Empédocles, el sacerdote, salió de Tebas con la última luz dorada del otoño, cuando la ladera del Citerón era un fulgor de hojas de roble rojas. Cuando hubo otorgado a mi fragua la bendición de Hefesto y hubo encendido de nuevo nuestros fuegos, después de que nosotros barriésemos el taller, ascendió a Tireo a la categoría de maestro, como se merecía. Después, miró mi casco, pasando el pulgar por las cejas y midiendo con unos compases los cuervos de las carrilleras.
—Esto es una obra maestra —dijo. Se lo entregó a Tireo, y Tireo se lo entregó a Bion—. Y, como tú eres el maestro de este taller, es justo que se te ascienda a ti también.
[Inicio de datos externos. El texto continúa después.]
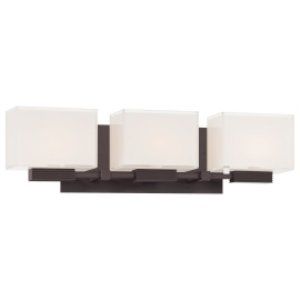 Kovacs Lighting KOV P5213 615B Cubism 3 Light Bath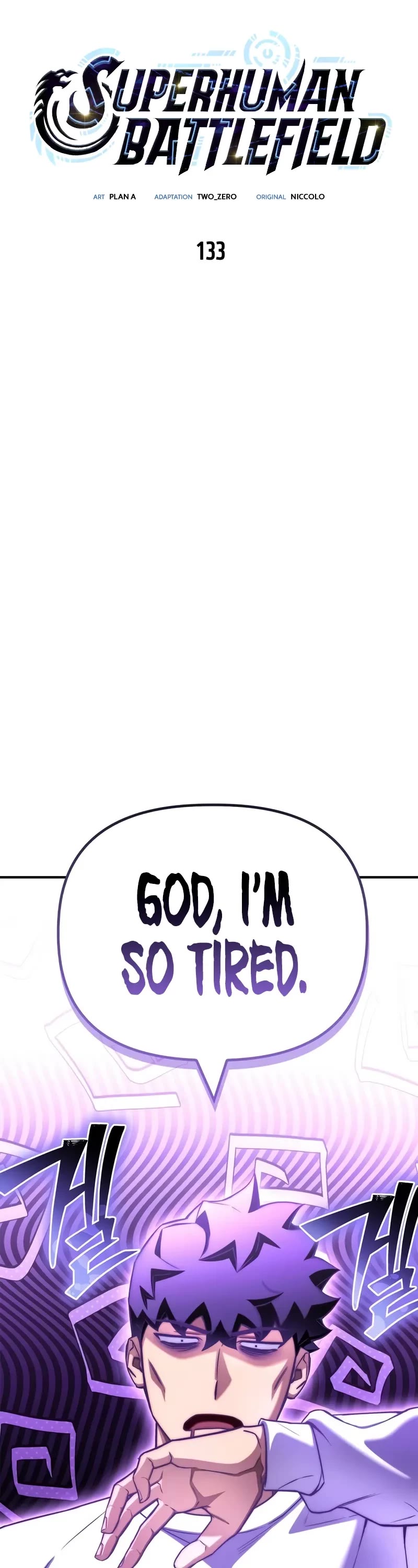 Superhuman Battlefield Chapter 133 page 7 - Chapter 133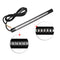 Luz LED de Freno y Direccional para Moto - Barra Impermeable Auxiliar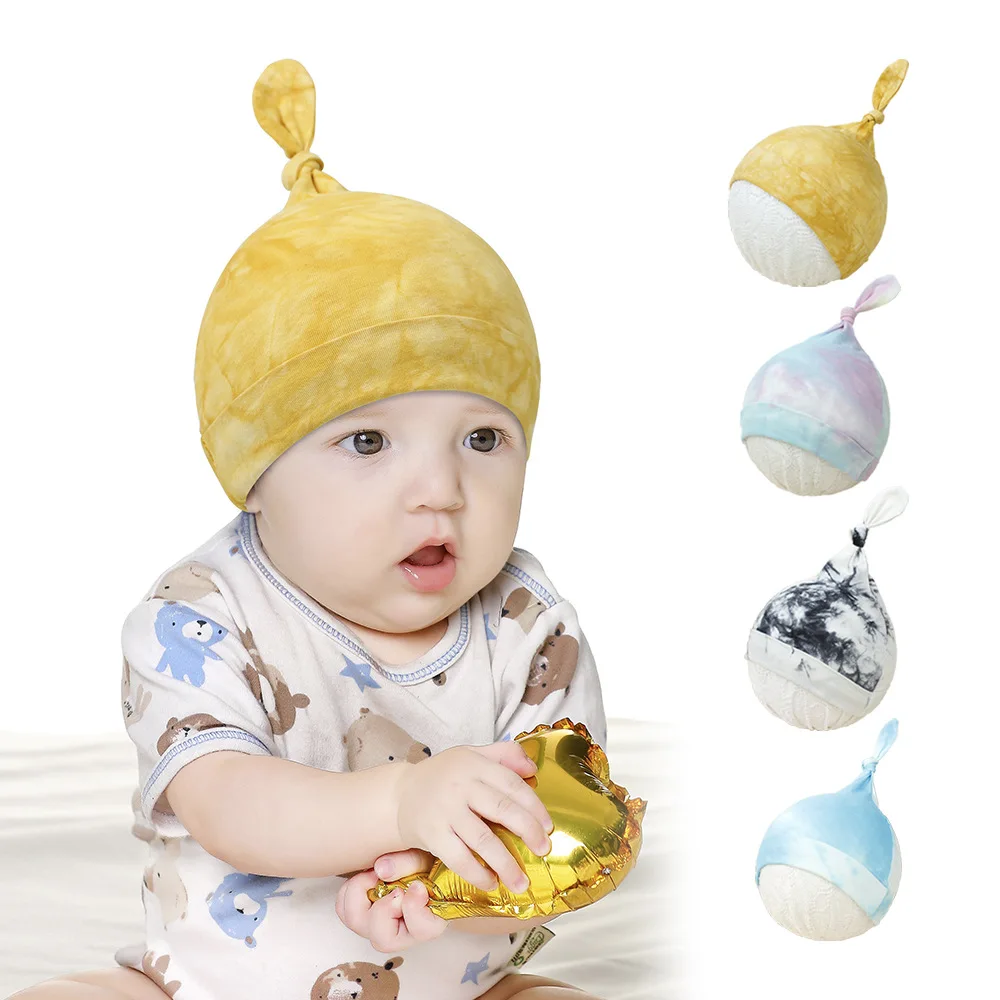 Infant Baby Boys Girls Hat Winter Warmers Beanie Knitted Wool Newborn Bonnet Cute Children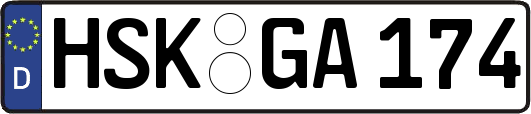 HSK-GA174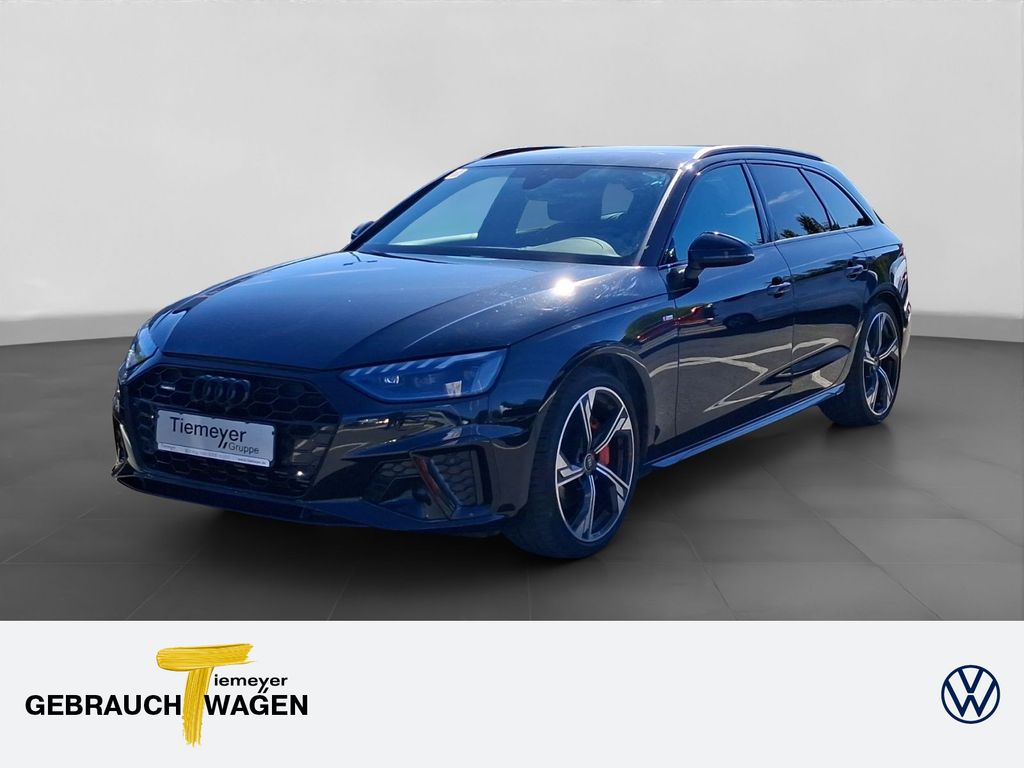 Audi A4 Avant 40 TFSI Q 2x S LINE AHK LM19 MATRIX-LED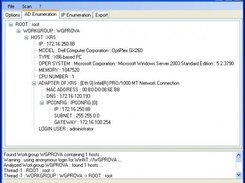 Enum Ad Tab : Active Directory Enumeration and remote WMI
Creo que aquel día se me volvieron a encender los fuegos del corazón. Yo no lo había esperado, aunque volviendo la vista atrás recuerdo mil indicios de que mis amigos habían arreglado las cosas para que me ascendieran a maestro. Tireo sacó otras piezas, cosas que yo había olvidado, como un juego de fíbulas de bronce que había hecho yo para los invitados a la boda de mi hermana; y Empédocles se rio de alegría al verlas, y esa risa me atravesó como un rayo de un día de verano. Ya sabes que yo había sido durante algún tiempo el maestro de guerreros de toda Hellas; pero aquello no me había aportado nunca la alegría que me daba el construir cosas.
Ah, eso es mentira. Matar puede ser una alegría. O un simple trabajo, o algo peor.
Así pues, como habíamos sido ascendido dos, hicimos un sacrificio especial en el templo de Hera, donde mi hermana, que ya era matrona, acababa de ser ungida sacerdotisa. Estaba embarazada de dos meses, se le empezaba a notar, y oficiaba con la dignidad propia de su nueva categoría. Y como a Antígono de Tespias no le parecía mal tener de cuñado a un maestro herrero, acudió a mi sacrificio con un séquito de aristócratas, y Mirón llegó con los hombres mejores de Platea, y vi beberse en pocas horas el vino de toda una vendimia; pero yo lo di por vino bien gastado, porque el corazón volvía a latirme en el pecho.
Al día siguiente llevé diez ánforas más de vino colina arriba, hasta la tumba del héroe, y di un banquete menor en honor de Idomeneo y de sus hombres, así como de muchos de nuestros milesios. Bebimos y bailamos. Idomeneo había preparado una gran hoguera, con la leña de cinco árboles, y pasábamos de tener demasiado calor a demasiado frío, bebíamos el vino y cantábamos.
Ya estaba bien entrada la noche, y la hoguera ardía con altas llamaradas, y los jóvenes y las mujeres preparaban un gran montón con mi paja… para compartir mejor otros calores.
Yo tenía veintisiete años y no me había sentido nunca tan viejo. Pero estaba contento y sentía un cansancio agradable después de haber bailado; era la primera vez que bailaba bien desde que había sufrido la herida de la pierna. Era maestro herrero, y los hombres acudían a mi fragua a hablar de los asuntos de la ciudad. Podría haberme sentido satisfecho.